Financial institution in the United Kingdom

The Cambridge Building Society is a UK mutual building society based in Cambridge, Cambridgeshire, England. It is the 13th largest in the United Kingdom based on total assets of more than £1.8 billion at December 2022. It is a member of the Building Societies Association. It was formed in 1850 as the Cambridgeshire Permanent Benefit Building Society, adopting its current name in 1945.

There is no connection between the Cambridge Building Society and the Cambridge Foresters’ Benefit Building Society which was dissolved in 1960 or the Cambridge Peers Economic Building Society which was dissolved in 1972.

== History ==
The society was established in 1850. 2016 saw a number of changes to its branch network, with closure of the branches in Burwell, Chesterton, Mill Road, Milton and Soham reducing the branch network to 13.

In 2017, the society announced a £15m investment partnership with The Cambridgeshire County Council Pension Fund through the issuance of Core Capital Deferred Shares – the second building society to do so after Nationwide. In 2017, it also launched an app for savings and mortgage customers. In March 2020, the society expanded its lending area, across all of England and Wales.

== Products and services ==
The Cambridge Building Society offers a range of fixed and variable rate mortgages. Other products and services available through The Cambridge Building Society include savings, (business and council savings), home insurance and travel money.

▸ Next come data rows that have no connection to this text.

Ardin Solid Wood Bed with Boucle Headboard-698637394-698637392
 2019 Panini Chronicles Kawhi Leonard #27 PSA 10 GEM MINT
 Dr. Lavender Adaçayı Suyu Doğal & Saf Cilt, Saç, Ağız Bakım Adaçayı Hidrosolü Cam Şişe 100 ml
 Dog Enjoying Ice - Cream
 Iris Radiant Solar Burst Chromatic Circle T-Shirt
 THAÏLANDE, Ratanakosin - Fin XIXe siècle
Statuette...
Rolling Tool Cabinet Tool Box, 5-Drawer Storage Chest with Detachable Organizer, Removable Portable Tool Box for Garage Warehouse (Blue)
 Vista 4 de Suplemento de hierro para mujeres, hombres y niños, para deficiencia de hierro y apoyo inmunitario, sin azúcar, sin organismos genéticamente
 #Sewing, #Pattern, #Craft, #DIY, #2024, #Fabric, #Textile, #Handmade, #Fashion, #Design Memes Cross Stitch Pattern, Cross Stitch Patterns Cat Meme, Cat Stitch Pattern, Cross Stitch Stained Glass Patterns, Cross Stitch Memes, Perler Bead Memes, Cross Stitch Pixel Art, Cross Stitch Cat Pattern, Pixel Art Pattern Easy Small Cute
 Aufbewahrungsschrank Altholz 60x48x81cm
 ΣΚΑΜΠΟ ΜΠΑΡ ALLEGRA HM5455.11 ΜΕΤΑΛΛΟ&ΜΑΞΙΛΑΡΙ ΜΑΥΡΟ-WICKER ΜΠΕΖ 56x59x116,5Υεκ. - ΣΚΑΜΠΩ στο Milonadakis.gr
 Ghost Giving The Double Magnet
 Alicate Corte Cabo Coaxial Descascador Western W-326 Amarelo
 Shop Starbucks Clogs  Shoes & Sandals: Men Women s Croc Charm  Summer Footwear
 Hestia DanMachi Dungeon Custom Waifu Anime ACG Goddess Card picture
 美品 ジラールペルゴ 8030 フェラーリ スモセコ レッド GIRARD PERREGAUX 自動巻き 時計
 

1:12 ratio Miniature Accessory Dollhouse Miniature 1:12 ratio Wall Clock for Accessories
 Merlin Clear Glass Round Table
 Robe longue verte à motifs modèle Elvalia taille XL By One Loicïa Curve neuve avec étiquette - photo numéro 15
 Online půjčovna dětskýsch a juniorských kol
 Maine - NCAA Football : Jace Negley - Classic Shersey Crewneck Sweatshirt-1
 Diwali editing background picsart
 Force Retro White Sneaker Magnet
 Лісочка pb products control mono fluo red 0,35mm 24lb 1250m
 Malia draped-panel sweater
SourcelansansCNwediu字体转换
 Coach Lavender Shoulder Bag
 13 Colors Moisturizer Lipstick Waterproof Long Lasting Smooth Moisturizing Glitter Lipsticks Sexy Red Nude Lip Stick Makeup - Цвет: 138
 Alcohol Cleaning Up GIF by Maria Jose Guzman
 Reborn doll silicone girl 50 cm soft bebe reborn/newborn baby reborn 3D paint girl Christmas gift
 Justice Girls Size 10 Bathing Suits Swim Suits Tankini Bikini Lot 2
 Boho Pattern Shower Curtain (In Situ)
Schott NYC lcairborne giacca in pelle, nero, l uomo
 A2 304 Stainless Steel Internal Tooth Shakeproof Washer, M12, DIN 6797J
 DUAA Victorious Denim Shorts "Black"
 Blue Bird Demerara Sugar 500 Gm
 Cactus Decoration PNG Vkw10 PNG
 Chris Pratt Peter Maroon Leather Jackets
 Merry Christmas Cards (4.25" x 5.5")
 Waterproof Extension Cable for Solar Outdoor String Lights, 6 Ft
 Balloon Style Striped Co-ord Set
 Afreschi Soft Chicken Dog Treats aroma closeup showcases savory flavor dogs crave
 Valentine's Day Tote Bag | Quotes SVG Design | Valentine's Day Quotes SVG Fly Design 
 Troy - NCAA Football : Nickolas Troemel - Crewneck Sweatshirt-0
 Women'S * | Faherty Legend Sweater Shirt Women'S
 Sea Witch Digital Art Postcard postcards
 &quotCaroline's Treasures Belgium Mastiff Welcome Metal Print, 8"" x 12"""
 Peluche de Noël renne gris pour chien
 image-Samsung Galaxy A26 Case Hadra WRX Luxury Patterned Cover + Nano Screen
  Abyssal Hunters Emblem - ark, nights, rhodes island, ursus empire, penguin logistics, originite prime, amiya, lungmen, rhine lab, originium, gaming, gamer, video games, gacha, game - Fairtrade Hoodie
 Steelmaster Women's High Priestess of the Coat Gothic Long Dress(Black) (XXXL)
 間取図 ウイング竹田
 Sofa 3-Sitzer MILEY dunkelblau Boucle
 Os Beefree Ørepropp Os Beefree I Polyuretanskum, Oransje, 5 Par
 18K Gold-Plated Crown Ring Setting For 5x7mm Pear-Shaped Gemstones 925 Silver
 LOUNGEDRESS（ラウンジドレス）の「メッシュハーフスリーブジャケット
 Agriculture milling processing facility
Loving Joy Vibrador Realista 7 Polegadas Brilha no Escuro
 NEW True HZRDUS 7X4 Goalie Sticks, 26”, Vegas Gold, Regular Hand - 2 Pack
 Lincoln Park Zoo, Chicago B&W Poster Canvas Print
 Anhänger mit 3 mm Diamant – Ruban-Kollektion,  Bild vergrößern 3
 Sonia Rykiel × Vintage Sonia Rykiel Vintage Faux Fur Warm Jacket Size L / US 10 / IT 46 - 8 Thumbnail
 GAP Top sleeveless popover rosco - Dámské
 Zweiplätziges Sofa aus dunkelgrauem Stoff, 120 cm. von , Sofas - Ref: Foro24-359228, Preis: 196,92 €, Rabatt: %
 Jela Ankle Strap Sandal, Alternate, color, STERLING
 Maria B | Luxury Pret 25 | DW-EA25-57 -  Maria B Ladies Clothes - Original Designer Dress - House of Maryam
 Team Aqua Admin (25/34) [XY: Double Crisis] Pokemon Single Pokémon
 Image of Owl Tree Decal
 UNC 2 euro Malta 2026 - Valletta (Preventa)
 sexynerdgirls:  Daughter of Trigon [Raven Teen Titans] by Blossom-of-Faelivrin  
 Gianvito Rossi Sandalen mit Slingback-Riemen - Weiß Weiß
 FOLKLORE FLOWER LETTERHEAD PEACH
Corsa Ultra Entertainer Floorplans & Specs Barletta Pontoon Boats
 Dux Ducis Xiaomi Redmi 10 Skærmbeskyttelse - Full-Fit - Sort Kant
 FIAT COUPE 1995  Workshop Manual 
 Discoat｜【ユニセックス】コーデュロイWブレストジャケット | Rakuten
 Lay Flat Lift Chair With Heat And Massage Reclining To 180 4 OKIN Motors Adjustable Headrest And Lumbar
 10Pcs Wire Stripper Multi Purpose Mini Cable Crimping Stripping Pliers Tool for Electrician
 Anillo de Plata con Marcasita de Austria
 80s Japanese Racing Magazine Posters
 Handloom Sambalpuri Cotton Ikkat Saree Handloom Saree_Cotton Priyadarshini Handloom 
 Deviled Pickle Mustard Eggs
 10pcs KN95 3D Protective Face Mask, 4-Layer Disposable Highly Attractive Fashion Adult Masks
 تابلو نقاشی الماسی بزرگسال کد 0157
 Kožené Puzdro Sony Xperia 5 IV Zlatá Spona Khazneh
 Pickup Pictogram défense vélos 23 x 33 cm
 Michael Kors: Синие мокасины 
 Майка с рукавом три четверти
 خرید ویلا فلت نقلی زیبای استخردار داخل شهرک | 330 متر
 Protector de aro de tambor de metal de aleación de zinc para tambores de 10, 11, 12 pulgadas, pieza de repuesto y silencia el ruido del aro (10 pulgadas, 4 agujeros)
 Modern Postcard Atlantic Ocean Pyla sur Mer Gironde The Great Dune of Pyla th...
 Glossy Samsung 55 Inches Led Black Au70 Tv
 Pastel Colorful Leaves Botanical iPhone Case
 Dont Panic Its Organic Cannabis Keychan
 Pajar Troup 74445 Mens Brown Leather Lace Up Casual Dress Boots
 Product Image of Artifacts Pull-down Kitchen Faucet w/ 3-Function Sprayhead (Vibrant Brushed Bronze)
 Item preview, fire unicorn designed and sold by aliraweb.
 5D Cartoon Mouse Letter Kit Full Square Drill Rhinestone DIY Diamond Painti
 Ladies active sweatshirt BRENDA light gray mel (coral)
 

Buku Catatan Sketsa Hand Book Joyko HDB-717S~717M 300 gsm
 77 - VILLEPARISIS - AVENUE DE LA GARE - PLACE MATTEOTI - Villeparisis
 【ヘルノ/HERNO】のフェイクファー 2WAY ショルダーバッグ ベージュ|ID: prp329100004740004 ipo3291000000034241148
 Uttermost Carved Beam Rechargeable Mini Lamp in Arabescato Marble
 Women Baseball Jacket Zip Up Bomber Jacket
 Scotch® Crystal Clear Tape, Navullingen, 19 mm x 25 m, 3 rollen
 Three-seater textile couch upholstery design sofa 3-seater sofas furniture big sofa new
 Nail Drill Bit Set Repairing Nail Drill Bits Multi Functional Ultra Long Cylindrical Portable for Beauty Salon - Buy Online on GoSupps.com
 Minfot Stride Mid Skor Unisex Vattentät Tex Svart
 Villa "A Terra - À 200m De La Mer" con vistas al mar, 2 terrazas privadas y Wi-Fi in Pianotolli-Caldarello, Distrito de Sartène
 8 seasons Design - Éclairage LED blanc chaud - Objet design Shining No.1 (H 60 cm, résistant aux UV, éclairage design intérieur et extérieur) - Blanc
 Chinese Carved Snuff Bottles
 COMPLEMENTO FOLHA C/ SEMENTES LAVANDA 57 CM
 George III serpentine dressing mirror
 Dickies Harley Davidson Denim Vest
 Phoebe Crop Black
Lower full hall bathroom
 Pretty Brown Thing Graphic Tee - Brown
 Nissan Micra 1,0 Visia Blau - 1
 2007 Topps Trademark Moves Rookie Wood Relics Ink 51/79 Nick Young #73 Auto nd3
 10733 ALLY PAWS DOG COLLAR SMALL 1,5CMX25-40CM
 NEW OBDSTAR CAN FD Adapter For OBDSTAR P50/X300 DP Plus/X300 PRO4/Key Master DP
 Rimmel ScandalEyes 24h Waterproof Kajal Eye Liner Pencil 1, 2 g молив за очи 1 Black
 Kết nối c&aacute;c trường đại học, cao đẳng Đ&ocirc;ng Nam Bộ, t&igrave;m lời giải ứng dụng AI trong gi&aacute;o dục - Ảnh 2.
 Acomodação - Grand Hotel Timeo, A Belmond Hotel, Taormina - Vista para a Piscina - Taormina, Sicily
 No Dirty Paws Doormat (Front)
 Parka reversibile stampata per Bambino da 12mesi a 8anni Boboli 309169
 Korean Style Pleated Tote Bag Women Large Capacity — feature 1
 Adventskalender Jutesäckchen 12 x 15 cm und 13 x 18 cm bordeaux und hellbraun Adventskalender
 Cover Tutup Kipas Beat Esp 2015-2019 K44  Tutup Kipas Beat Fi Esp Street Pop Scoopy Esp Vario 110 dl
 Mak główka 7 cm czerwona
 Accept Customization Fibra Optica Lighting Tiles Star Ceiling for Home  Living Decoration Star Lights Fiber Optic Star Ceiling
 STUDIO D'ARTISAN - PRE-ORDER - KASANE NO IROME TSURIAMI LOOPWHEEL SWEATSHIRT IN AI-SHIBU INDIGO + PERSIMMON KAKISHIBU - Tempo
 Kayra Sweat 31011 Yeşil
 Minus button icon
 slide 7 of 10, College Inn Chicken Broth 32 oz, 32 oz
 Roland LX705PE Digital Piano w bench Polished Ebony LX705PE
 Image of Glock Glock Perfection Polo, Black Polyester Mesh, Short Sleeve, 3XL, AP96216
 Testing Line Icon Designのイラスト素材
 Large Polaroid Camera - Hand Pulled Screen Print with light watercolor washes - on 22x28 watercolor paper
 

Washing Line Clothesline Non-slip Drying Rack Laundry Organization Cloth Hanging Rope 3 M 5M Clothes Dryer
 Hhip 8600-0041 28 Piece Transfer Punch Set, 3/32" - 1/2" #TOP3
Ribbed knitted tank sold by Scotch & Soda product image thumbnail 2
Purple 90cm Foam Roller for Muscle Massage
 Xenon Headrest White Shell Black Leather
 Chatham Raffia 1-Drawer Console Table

== Financial performance ==
In 2019 The Cambridge Building Society reported gross lending of £295m and mortgage book growth of 8%. Assets as at 31 December totalled £1.586 billion and profit after tax reached £3.6 million. General reserves were stable at £87.3 million.

== Branch changes ==
Following the society's announcement of a three-year investment programme in 2016, in June of that year it closed five branches (in the villages of Burwell, Soham and Milton and on Mill Road and Chesterton Road in Cambridge) of the 18 branches then operational. Five members of staff were deployed elsewhere within the society. The society also introduced digital technology into two branches. The society opened a new branch in Central Cambridge in 2018. It refurbished its branches in Great Shelford and Ely in 2019, and opened a new branch in Bury St Edmunds in 2022.